Saturday, July 5, 2008

The Failed States Index 2008

By Joseph El-Khoury

The Failed States Index for 2008 is finally out. This Index has been compiled yearly since 2005 by an organisation called 'The Fund For peace’ and published in the reputable ‘Foreign Policy’. Before the authors credibility is put at stake lets say that as always the company is based in Washington DC, staffed by Americans, under the patronage of other Americans and supported by more Americans. But since no one else worthy of mention has compiled such an index; we will have to put aside our healthy dose of scepticism and accept their mission statement in the words of their president Pauline Baker that ‘it is a research and educational organization that works to prevent war and alleviate the conditions that cause war’.
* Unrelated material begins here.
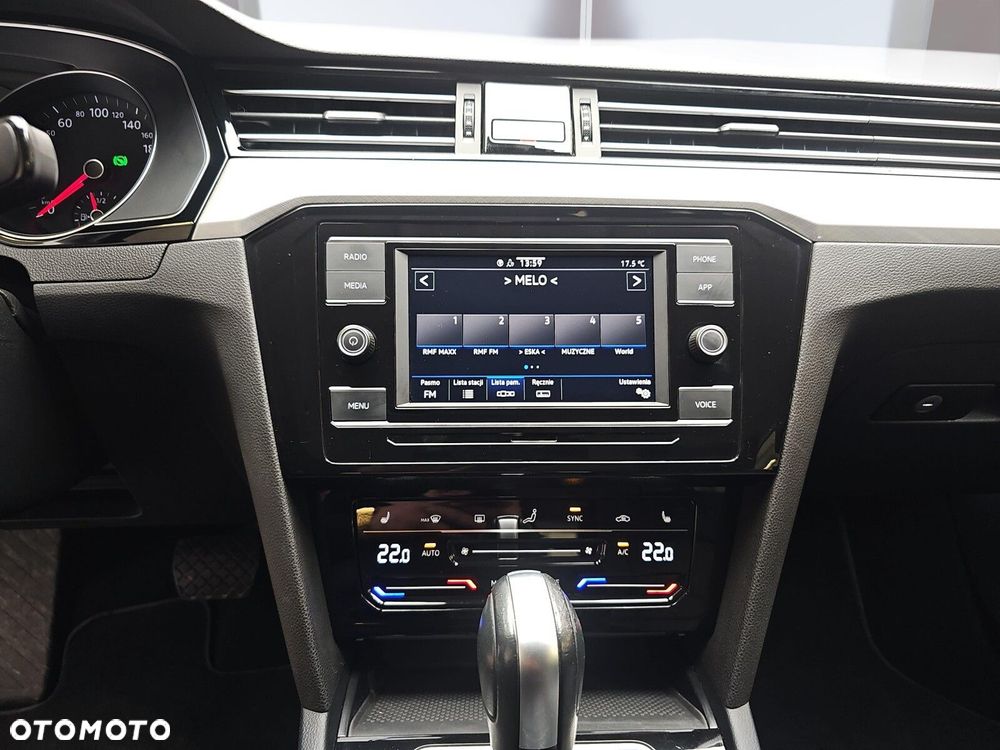 Volkswagen Passat Variant 2.0 TDI EVO Business DSG - 18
The product is a table where countries are scored according to a number of criteria touching on a range of economic, social and political factors. Those who are in a real mess are colour-coded in Red for ‘Alert’ and this year 35 countries out of a total of 177 fell in that category. We will focus our attention on those countries which are members of the Arab league. At the top spot Somalia, a country only by name since the late 70s where warlords and religious fundamentalists fight it over with occasional international attention. It is followed closely at number 2 by the Sudan of Omar El Bashir, reputed modernist and democrat, with a special weakness for minorities. At number 5 we find the fascinating democratic experience of Iraq, still one of the most dangerous places on earth five years on from the invasion. Lebanon shows up at number 18, down from 28 the previous year (The country was not even in the red in 2005), probably thanks to the combination of consistent governance and constructive opposition. In the process it has surpassed Srilanka and is only 2 down from Ethiopia (A point to consider next time you look down on your maid/servant). Yemen headed by the friendly Ali-Abdallah Saleh is at number 21 and last but not least Syria, the great defender of Arab pride and always happy to dish out advice through its foreign minister Mr Walid Muallem, at number 35. As a point of consolation in the face of poor Arab performance, Israel is only at number 58 but would surely do better only if it could get rid of this thorn in its side called the Palestinians. Its Jewish population would then live happily ever after following the rules in this rather selective democratic oasis.